Many people opt to stay securely on that narrow strand. Perhaps they’ll
wonder what lies beyond across the sea.  Perhaps they’ll wonder what lies inland as well.  

Alas, fear holds them fast.  They might take a hesitant step seaward, but the ventured foot sinks deep as the eager current’s pull makes footing unsure.  They might step inland, but here too the shifting sands make footing once more unsure.

And so they remain on their small path wondering but never knowing what lies beyond.


© Perle Champion

Monday, April 21, 2014

The Rock of Ritual & Rote

Day 18 of Blogging from A to Z.  Today’s letter is R

R is for the Rock of Ritual & Rote

with rote of ritual
rock bottom can become our
solid foundation

© Perle Champion

Ritual has many forms. Some as simple as making your morning coffee or tea; performing morning ablutions; etc.

I would add to those a few of my favorites – I’m sure you have more:
  • Taking my early morning walk, rain, shine or snow, sans the distraction of headgear, so I can listen to my own thoughts and the sounds of nature around me.
  • Writing stream-of-consciousness by hand in my journal on my return, before the noise of the day intrudes and crowds out my own internal voice.
  • Preparing food for the day whether breakfast, lunch or dinner.  The cracking of an egg, butter on toast; the simple act of dicing carrots, celery, pickles for a tuna salad; julienning vegetables for a stir fry.  All these rote preparations have a Zen affect when we pay attention.
  • Lighting candles on my small home altar.
  • Stroking my cat’s soft fur and relishing her soft purr as we settle on the couch with a good book and a glass of Pinot Noir.
  • Writing in my gratitude journal a list of at least 5 things I am grateful for before turning out the lights at night.

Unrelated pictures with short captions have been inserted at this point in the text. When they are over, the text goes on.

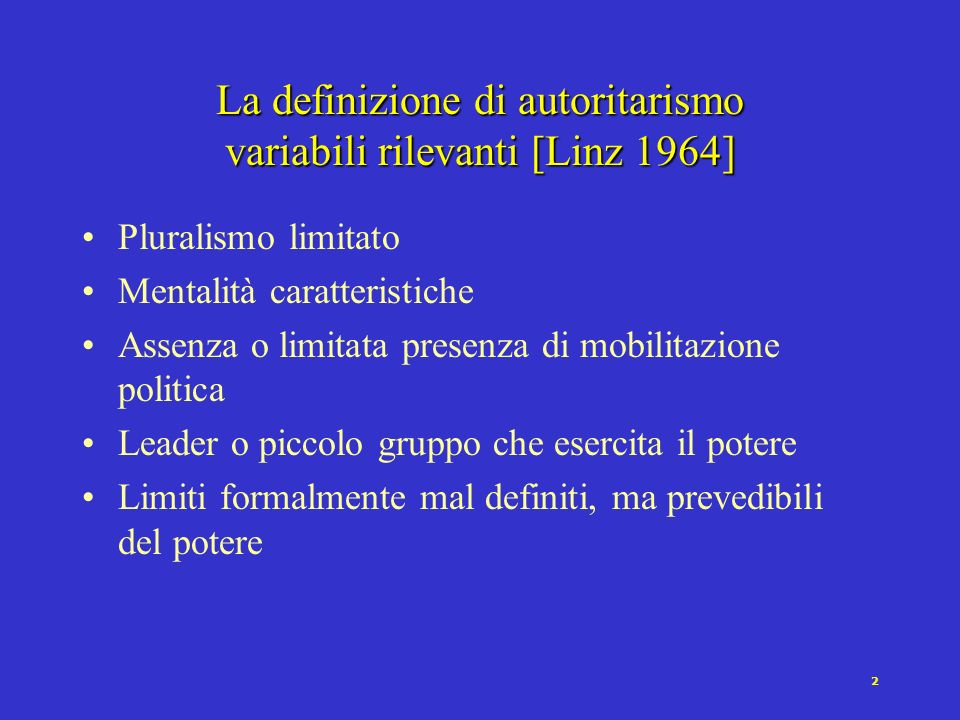La definizione di autoritarismo variabili rilevanti [Linz 1964]
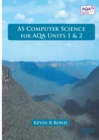 AS Computer Science for AQA : Units 1 and 2 - Book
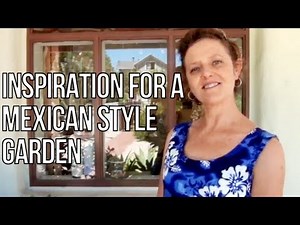 Inspiration For A Mexican Style Garden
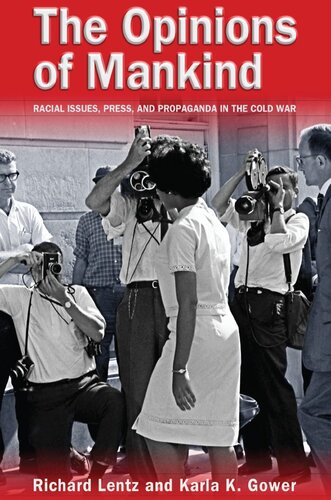 The Opinions Of Mankind Racial Issues Press And Progaganda In The Cold War Richard Lentz Karla K Gower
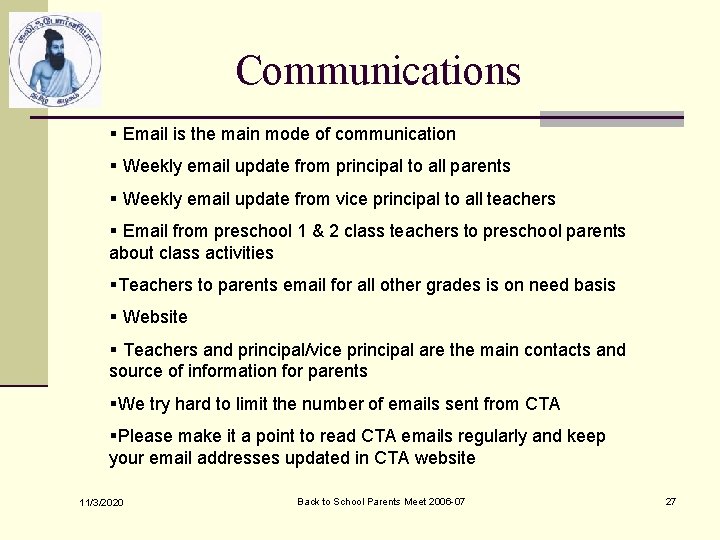 Communications § Email is the main mode of communication § Weekly email update from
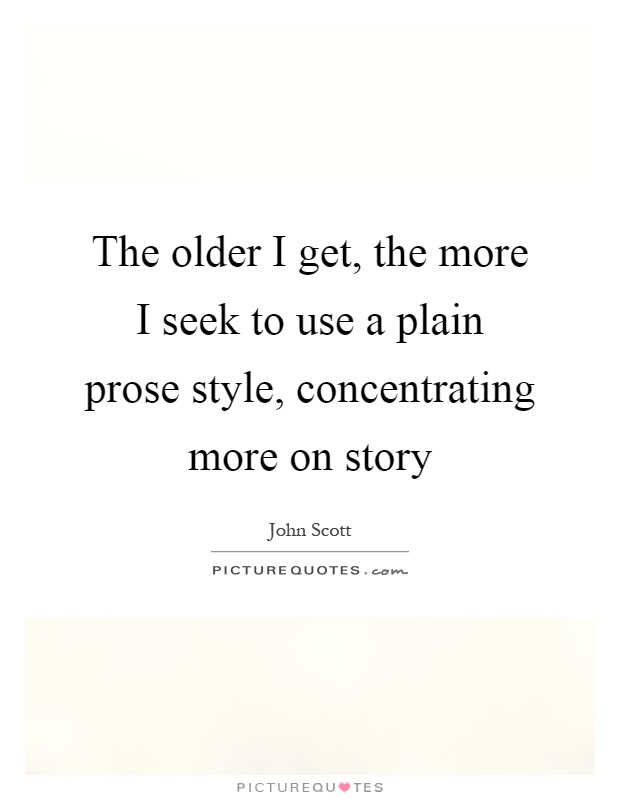 The older I get, the more I seek to use a plain prose style, concentrating more on story Picture Quote #1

If we stop and pay attention to the small rote rituals of our day they can be that rock that anchors us after an otherwise stormy day.


What are some of yours?

Saturday, April 19, 2014

Q Is for Quodlibet, Quibbles & Quarrels

Day 17 of Blogging from A to Z.  Today’s letter is Q

Q Is for Quodlibet, Quibbles & Quarrels

quodlibet quibbles
grow to quarrels when questioned
mules wearing blinders??
there is only one

© Perle Champion

Quodlibet is a disputation on a philosophical or theological point.  These days few
people or nations, for that matter, know how to have civilized discourse or debate on their preconceived ideals or the issues of the day. 

Each person or nation stands firm, determined to convince the other at the outset that their belief is the only truth one and all others are wrong.  There is rarely an open mind on either side.  (Kierkegaard says it best; see quote below). 

I no longer discuss, and rarely voice my beliefs to certain people, because it just isn’t worth my time.  I most certainly don’t have the patience with someone that believes if they shout loud enough and drown out other viewpoints, then they win.  I’m not sure what they think they win except to shut out any possibility of learning something new.


“The most terrible fight is not when there is one opinion against another, the most terrible is when two men say the same thing – and fight about the interpretation, and this interpretation involves a difference of quality.”


 – Søren Kierkegaard (1813-1855) Danish Philosopher. The Journals of Søren Kierkegaard: A selection, no 1057 (ed. And tr. By Alexander, 1938), 1850 entry.